RADAR PALU – Hujan deras yang mengguyur kawasan pegunungan di Kecamatan Balinggi, Kabupaten Parigi Moutong, Senin (4/5/2026), memicu banjir yang merendam jalur Trans Sulawesi di Dusun Palasari, Desa Balinggi.
Akibatnya, arus kendaraan di jalur utama penghubung antarwilayah itu sempat tersendat dan memicu antrean panjang.
Banjir terjadi sekitar pukul 15.00 Wita setelah debit Sungai Uwetua meluap akibat tingginya intensitas hujan di wilayah hulu. Genangan air setinggi 30 hingga 50 sentimeter menutup sebagian badan jalan di perbatasan Desa Balinggi, Kecamatan Balinggi dan Desa Tolai, Kecamatan Torue.
Baca Juga: Saat Harga Pangan Menekan, Polres Parimo Turun Tangan Bantu Warga
Meski kendaraan masih dapat melintas, aparat kepolisian bersama instansi terkait langsung turun ke lokasi untuk melakukan pengaturan lalu lintas. Sistem buka-tutup diterapkan guna mencegah kemacetan parah sekaligus menghindari risiko kecelakaan di tengah derasnya arus air.
Kapolsek Sausu, IPTU Yakobus Mangopo, mengatakan pihaknya bergerak cepat begitu menerima laporan warga terkait meluapnya sungai yang menggenangi jalan nasional tersebut.
“Personel langsung kami kerahkan ke lokasi untuk melakukan pengamanan dan pengaturan arus kendaraan. Saat ini jalur masih bisa dilalui, tetapi dilakukan secara bergantian demi keselamatan pengguna jalan,” ujarnya.
Baca Juga: Bupati Parimo Serahkan Penghargaan Pejuang Pendidikan dan Melaunching SPMB 2026
Menurutnya, banjir dipicu curah hujan tinggi dengan durasi cukup lama di kawasan pegunungan sekitar Balinggi dan Torue. Kondisi tersebut menyebabkan debit Sungai Uwetua meningkat drastis hingga meluap ke badan jalan.
Selain melakukan pengaturan lalu lintas, polisi juga berkoordinasi dengan aparat desa dan masyarakat setempat guna mengantisipasi kemungkinan banjir susulan. Warga yang tinggal di sekitar bantaran sungai diminta meningkatkan kewaspadaan, terutama jika hujan kembali turun dengan intensitas tinggi.
“Kami mengimbau masyarakat tetap siaga karena potensi banjir susulan masih bisa terjadi.

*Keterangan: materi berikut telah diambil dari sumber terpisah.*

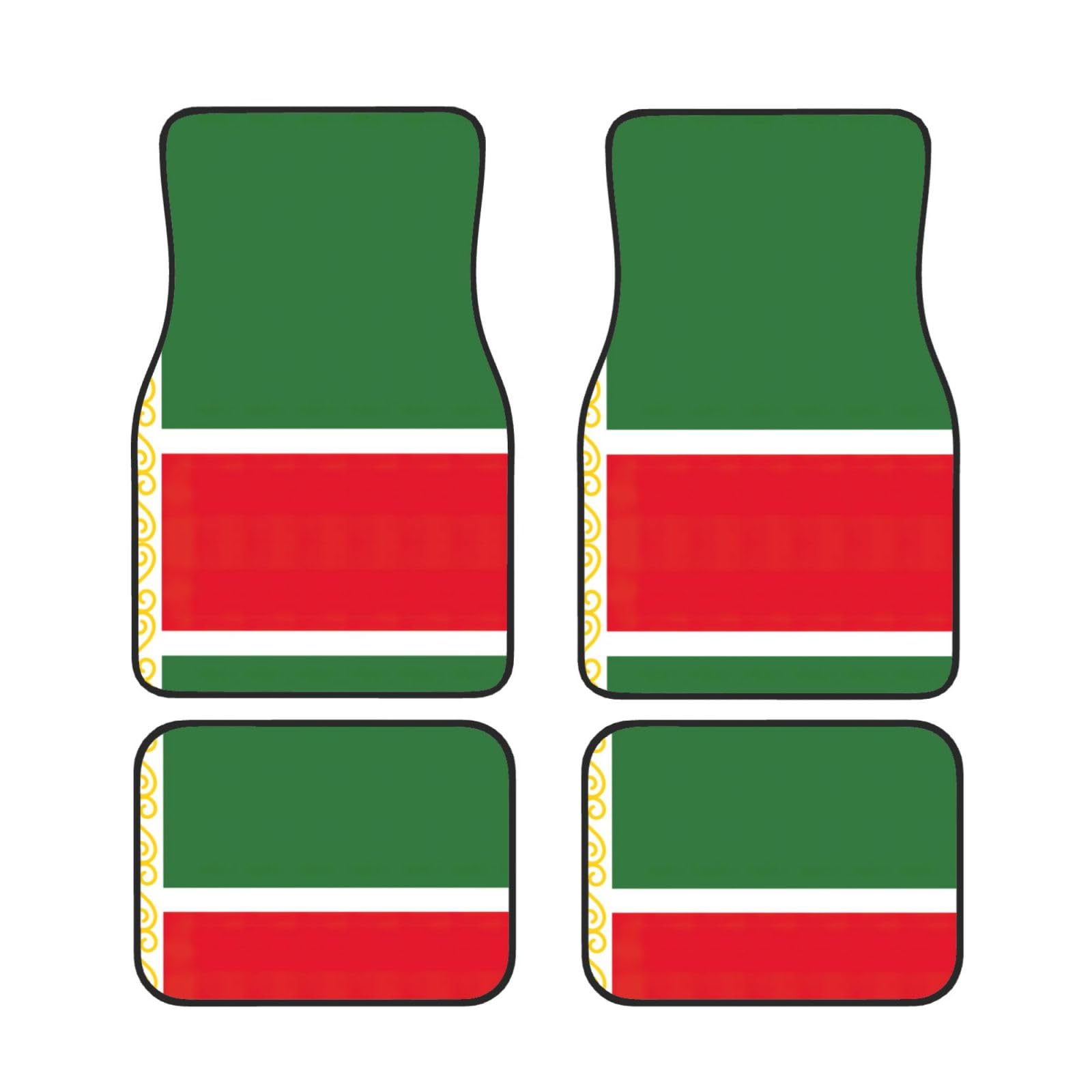 OdDdot Universelle Teppich-Fußmatten, Motiv: Flagge der Tschetschenischen Republik, rutschfest, passend für SUV, Vans, Limousinen, LKWs von OdDdot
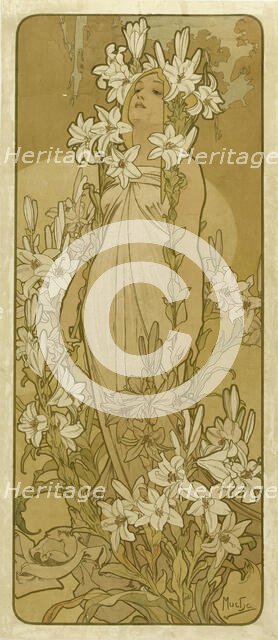 The lily (From the Series Flowers), 1898. Creator: Mucha, Alfons Marie (1860-1939).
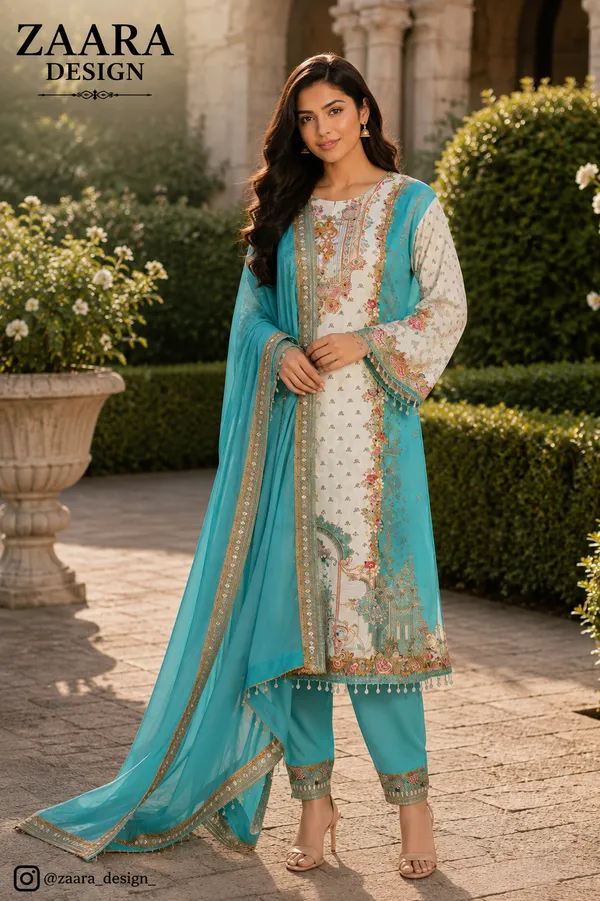 Turquoise_Crepe_Straight_Printed_Kurta_Set_For_Women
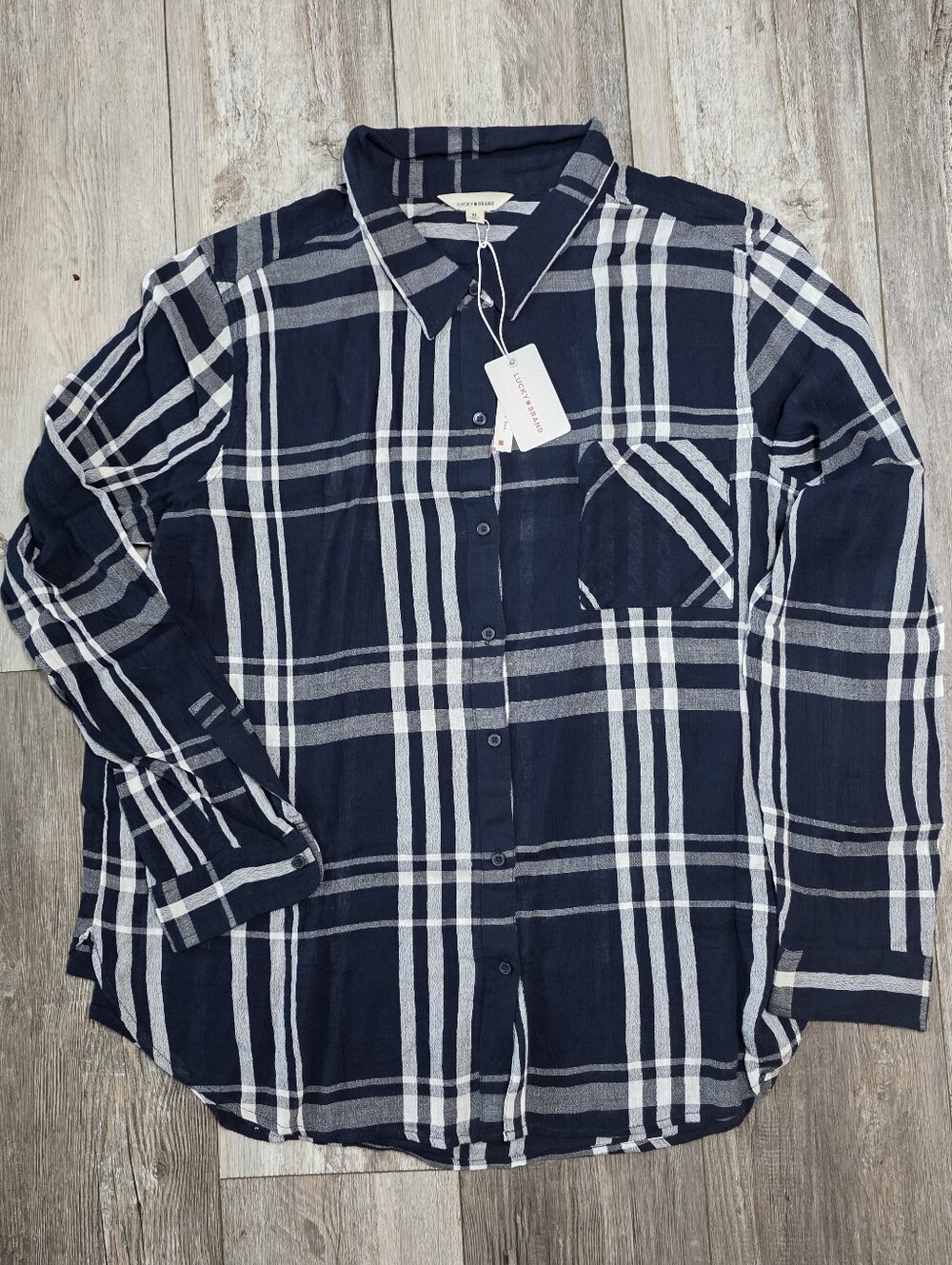 Lucky Brand Women's Lightweight Cotton Blend Plaid Button-Down Shirt Sz XL *NWT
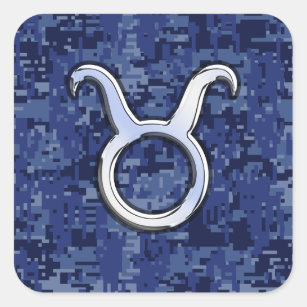 Modern Taurus Zodiac Sign Blue Digital Camouflage Square Sticker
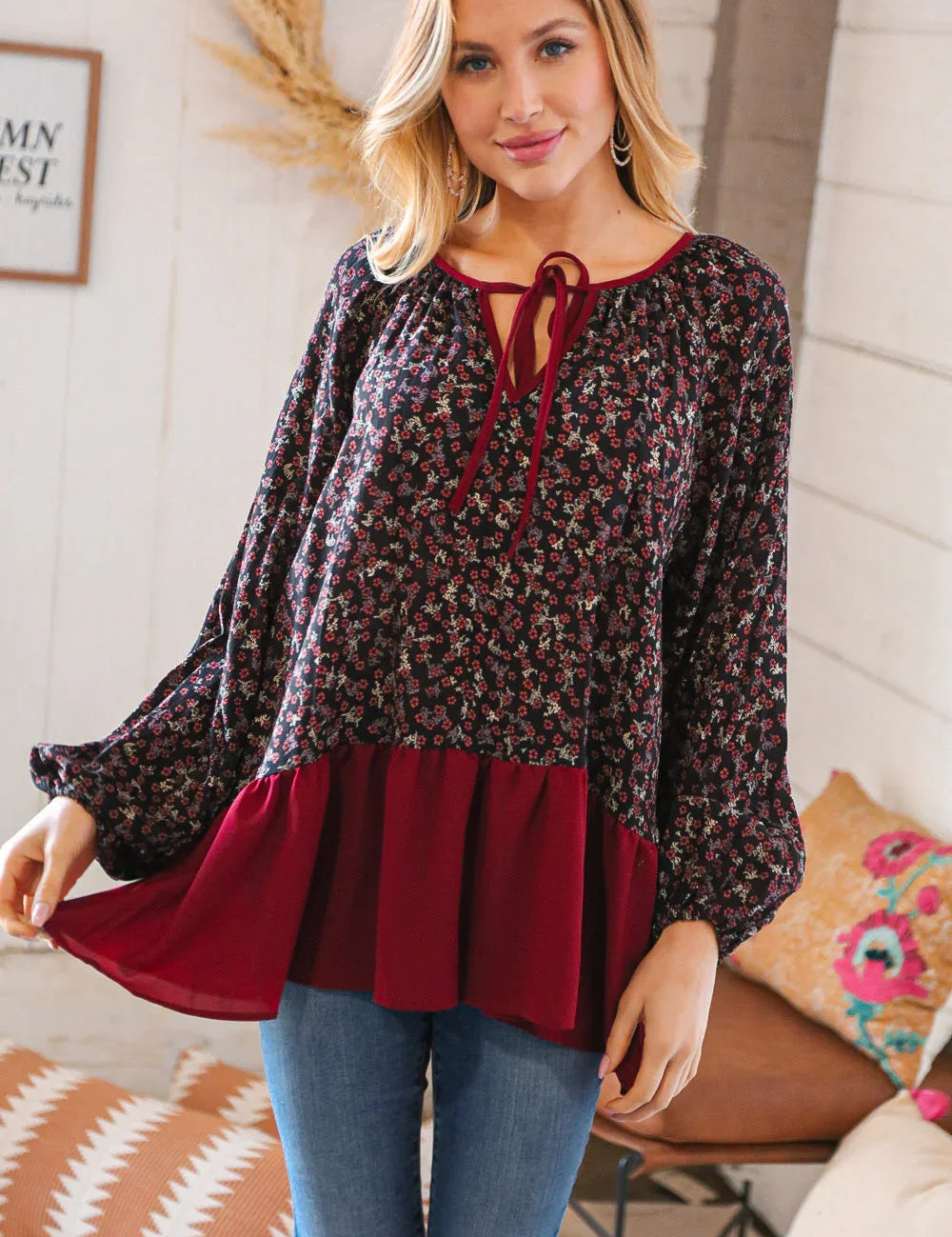 Wine Ditzy Floral Front Tie Ruffle Hem Top | Daverri Fashions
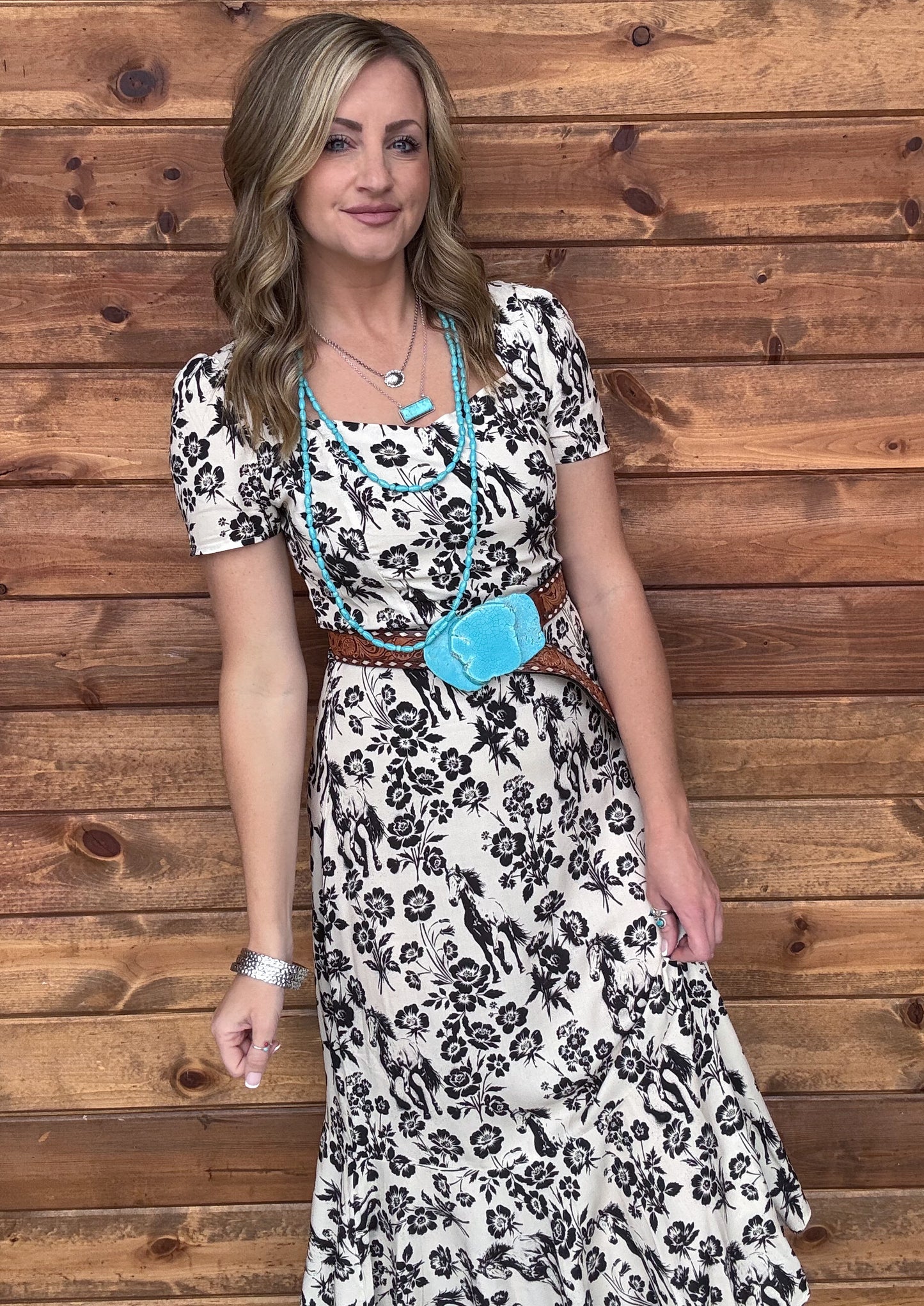Floral Horses Dress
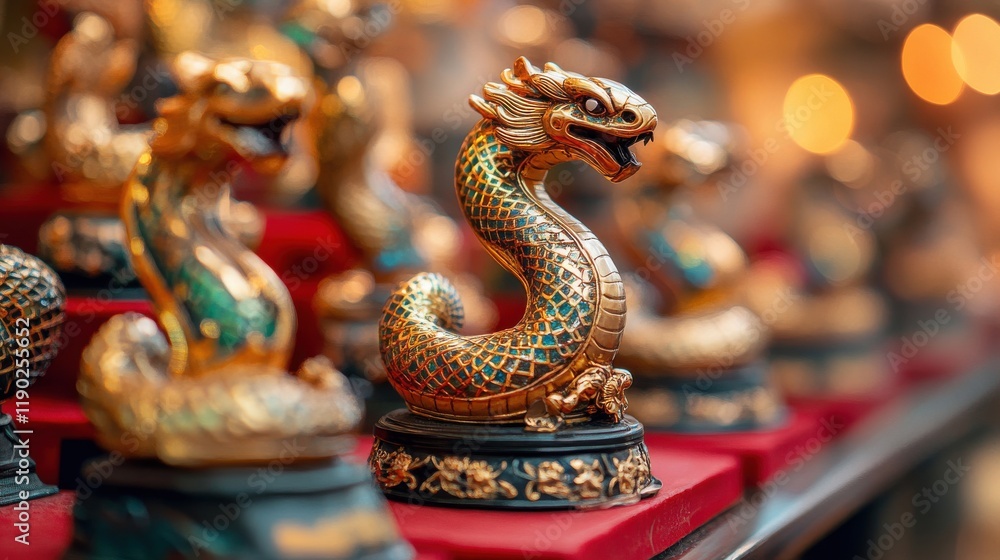Fototapeta premium Exploring mythological symbolism snake charms as ornaments cultural heritage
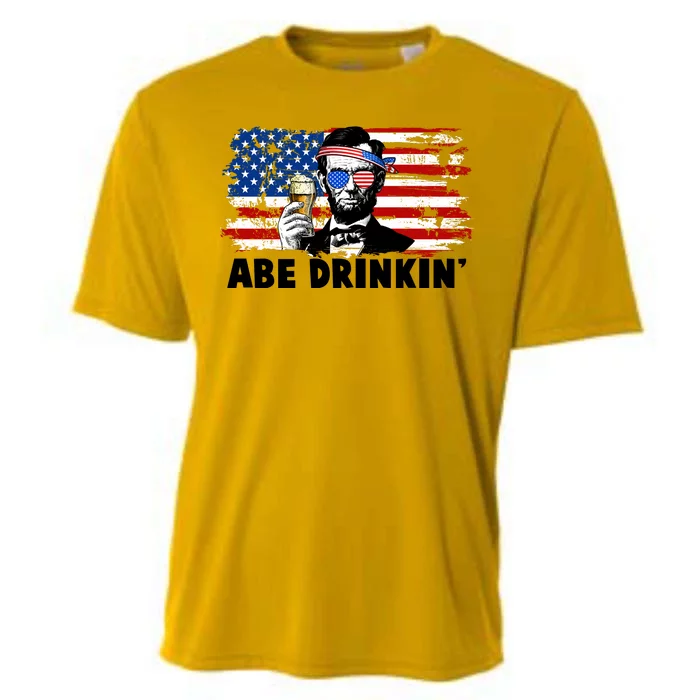 Funny Abe Drinkin USA American Flag Cooling Performance Crew T-Shirt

Jika ada tanda-tanda kenaikan debit air, segera laporkan agar bisa cepat ditangani,” tegas IPTU Yakobus.
Hingga pukul 15.27 Wita, hujan dilaporkan mulai reda. Namun antrean kendaraan masih terlihat di lokasi akibat sistem buka-tutup yang diberlakukan petugas. Polisi terus melakukan pemantauan serta pendokumentasian kondisi lapangan sebagai bagian dari upaya penanganan dan evaluasi situasi.(***)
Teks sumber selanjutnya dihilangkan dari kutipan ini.